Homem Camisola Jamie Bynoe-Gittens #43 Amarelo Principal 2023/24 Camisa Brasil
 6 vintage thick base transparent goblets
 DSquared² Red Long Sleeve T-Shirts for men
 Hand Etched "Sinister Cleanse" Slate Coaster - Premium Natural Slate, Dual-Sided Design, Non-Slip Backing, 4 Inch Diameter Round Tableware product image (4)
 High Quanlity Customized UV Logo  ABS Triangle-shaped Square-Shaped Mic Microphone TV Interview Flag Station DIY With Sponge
________________
Directions for this task: Reproduce the full block of data exactly, omitting nothing.

Output for this exercise:
Homem Camisola Jamie Bynoe-Gittens #43 Amarelo Principal 2023/24 Camisa Brasil
 6 vintage thick base transparent goblets
 DSquared² Red Long Sleeve T-Shirts for men
 Hand Etched "Sinister Cleanse" Slate Coaster - Premium Natural Slate, Dual-Sided Design, Non-Slip Backing, 4 Inch Diameter Round Tableware product image (4)
 High Quanlity Customized UV Logo  ABS Triangle-shaped Square-Shaped Mic Microphone TV Interview Flag Station DIY With Sponge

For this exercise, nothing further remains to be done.